#### [Task to complete]
Take every entry below and copy it out word for word.

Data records
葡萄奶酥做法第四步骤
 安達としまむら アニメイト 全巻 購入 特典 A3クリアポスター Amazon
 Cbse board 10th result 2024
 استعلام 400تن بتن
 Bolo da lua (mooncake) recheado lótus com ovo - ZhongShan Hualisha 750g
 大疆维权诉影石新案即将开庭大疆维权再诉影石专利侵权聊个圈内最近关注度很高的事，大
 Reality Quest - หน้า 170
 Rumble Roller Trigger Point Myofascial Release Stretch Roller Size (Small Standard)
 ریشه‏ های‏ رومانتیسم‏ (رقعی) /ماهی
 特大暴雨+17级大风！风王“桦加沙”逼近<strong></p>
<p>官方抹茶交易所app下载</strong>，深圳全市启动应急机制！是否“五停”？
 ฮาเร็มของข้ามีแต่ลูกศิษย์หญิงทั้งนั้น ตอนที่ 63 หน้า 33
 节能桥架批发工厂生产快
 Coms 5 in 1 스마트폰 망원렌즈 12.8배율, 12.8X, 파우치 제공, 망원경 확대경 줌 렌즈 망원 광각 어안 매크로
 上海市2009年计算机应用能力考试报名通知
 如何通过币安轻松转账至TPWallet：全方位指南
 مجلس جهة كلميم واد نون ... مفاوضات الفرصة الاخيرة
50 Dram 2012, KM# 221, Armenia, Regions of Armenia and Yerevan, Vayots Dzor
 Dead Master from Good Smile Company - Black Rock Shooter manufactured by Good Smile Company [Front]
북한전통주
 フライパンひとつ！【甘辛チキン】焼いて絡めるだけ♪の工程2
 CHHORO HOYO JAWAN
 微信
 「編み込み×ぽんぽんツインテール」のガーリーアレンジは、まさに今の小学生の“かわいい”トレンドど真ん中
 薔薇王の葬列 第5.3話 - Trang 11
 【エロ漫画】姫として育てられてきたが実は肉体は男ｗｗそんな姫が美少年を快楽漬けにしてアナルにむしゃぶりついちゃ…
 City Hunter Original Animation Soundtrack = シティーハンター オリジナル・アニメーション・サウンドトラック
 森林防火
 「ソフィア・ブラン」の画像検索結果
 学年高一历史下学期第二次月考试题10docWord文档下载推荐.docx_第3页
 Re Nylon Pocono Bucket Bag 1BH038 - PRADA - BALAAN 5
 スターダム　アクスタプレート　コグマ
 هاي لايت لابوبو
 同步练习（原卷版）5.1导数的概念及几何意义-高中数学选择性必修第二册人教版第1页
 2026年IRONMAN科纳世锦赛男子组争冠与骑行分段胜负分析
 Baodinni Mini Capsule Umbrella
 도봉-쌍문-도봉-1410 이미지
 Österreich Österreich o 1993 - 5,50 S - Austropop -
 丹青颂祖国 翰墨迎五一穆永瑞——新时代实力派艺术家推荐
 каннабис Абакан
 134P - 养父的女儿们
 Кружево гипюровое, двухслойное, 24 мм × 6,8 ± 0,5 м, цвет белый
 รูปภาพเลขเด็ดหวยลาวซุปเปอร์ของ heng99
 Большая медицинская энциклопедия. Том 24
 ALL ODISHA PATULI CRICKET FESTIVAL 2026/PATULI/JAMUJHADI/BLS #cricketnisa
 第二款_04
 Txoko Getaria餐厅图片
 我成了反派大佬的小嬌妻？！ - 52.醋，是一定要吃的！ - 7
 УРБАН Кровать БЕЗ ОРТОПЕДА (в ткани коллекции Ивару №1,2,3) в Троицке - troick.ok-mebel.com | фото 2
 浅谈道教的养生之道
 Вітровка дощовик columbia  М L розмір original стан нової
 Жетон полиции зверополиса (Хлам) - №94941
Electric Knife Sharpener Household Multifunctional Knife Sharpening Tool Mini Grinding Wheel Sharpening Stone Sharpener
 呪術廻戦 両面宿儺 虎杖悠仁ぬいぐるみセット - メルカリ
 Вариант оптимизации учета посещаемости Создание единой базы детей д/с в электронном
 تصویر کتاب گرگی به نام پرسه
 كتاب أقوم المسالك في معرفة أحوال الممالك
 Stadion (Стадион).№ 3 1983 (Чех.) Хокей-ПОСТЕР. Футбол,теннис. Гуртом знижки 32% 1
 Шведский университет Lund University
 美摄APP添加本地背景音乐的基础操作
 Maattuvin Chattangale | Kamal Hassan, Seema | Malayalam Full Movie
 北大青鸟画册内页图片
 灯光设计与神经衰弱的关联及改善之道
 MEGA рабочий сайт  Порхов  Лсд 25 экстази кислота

#### [Result]
葡萄奶酥做法第四步骤
 安達としまむら アニメイト 全巻 購入 特典 A3クリアポスター Amazon
 Cbse board 10th result 2024
 استعلام 400تن بتن
 Bolo da lua (mooncake) recheado lótus com ovo - ZhongShan Hualisha 750g
 大疆维权诉影石新案即将开庭大疆维权再诉影石专利侵权聊个圈内最近关注度很高的事，大
 Reality Quest - หน้า 170
 Rumble Roller Trigger Point Myofascial Release Stretch Roller Size (Small Standard)
 ریشه‏ های‏ رومانتیسم‏ (رقعی) /ماهی
 特大暴雨+17级大风！风王“桦加沙”逼近<strong></p>
<p>官方抹茶交易所app下载</strong>，深圳全市启动应急机制！是否“五停”？
 ฮาเร็มของข้ามีแต่ลูกศิษย์หญิงทั้งนั้น ตอนที่ 63 หน้า 33
 节能桥架批发工厂生产快
 Coms 5 in 1 스마트폰 망원렌즈 12.8배율, 12.8X, 파우치 제공, 망원경 확대경 줌 렌즈 망원 광각 어안 매크로
 上海市2009年计算机应用能力考试报名通知
 如何通过币安轻松转账至TPWallet：全方位指南
 مجلس جهة كلميم واد نون ... مفاوضات الفرصة الاخيرة
50 Dram 2012, KM# 221, Armenia, Regions of Armenia and Yerevan, Vayots Dzor
 Dead Master from Good Smile Company - Black Rock Shooter manufactured by Good Smile Company [Front]
북한전통주
 フライパンひとつ！【甘辛チキン】焼いて絡めるだけ♪の工程2
 CHHORO HOYO JAWAN
 微信
 「編み込み×ぽんぽんツインテール」のガーリーアレンジは、まさに今の小学生の“かわいい”トレンドど真ん中
 薔薇王の葬列 第5.3話 - Trang 11
 【エロ漫画】姫として育てられてきたが実は肉体は男ｗｗそんな姫が美少年を快楽漬けにしてアナルにむしゃぶりついちゃ…
 City Hunter Original Animation Soundtrack = シティーハンター オリジナル・アニメーション・サウンドトラック
 森林防火
 「ソフィア・ブラン」の画像検索結果
 学年高一历史下学期第二次月考试题10docWord文档下载推荐.docx_第3页
 Re Nylon Pocono Bucket Bag 1BH038 - PRADA - BALAAN 5
 スターダム　アクスタプレート　コグマ
 هاي لايت لابوبو
 同步练习（原卷版）5.1导数的概念及几何意义-高中数学选择性必修第二册人教版第1页
 2026年IRONMAN科纳世锦赛男子组争冠与骑行分段胜负分析
 Baodinni Mini Capsule Umbrella
 도봉-쌍문-도봉-1410 이미지
 Österreich Österreich o 1993 - 5,50 S - Austropop -
 丹青颂祖国 翰墨迎五一穆永瑞——新时代实力派艺术家推荐
 каннабис Абакан
 134P - 养父的女儿们
 Кружево гипюровое, двухслойное, 24 мм × 6,8 ± 0,5 м, цвет белый
 รูปภาพเลขเด็ดหวยลาวซุปเปอร์ของ heng99
 Большая медицинская энциклопедия. Том 24
 ALL ODISHA PATULI CRICKET FESTIVAL 2026/PATULI/JAMUJHADI/BLS #cricketnisa
 第二款_04
 Txoko Getaria餐厅图片
 我成了反派大佬的小嬌妻？！ - 52.醋，是一定要吃的！ - 7
 УРБАН Кровать БЕЗ ОРТОПЕДА (в ткани коллекции Ивару №1,2,3) в Троицке - troick.ok-mebel.com | фото 2
 浅谈道教的养生之道
 Вітровка дощовик columbia  М L розмір original стан нової
 Жетон полиции зверополиса (Хлам) - №94941
Electric Knife Sharpener Household Multifunctional Knife Sharpening Tool Mini Grinding Wheel Sharpening Stone Sharpener
 呪術廻戦 両面宿儺 虎杖悠仁ぬいぐるみセット - メルカリ
 Вариант оптимизации учета посещаемости Создание единой базы детей д/с в электронном
 تصویر کتاب گرگی به نام پرسه
 كتاب أقوم المسالك في معرفة أحوال الممالك
 Stadion (Стадион).№ 3 1983 (Чех.) Хокей-ПОСТЕР. Футбол,теннис. Гуртом знижки 32% 1
 Шведский университет Lund University
 美摄APP添加本地背景音乐的基础操作
 Maattuvin Chattangale | Kamal Hassan, Seema | Malayalam Full Movie
 北大青鸟画册内页图片
 灯光设计与神经衰弱的关联及改善之道
 MEGA рабочий сайт  Порхов  Лсд 25 экстази кислота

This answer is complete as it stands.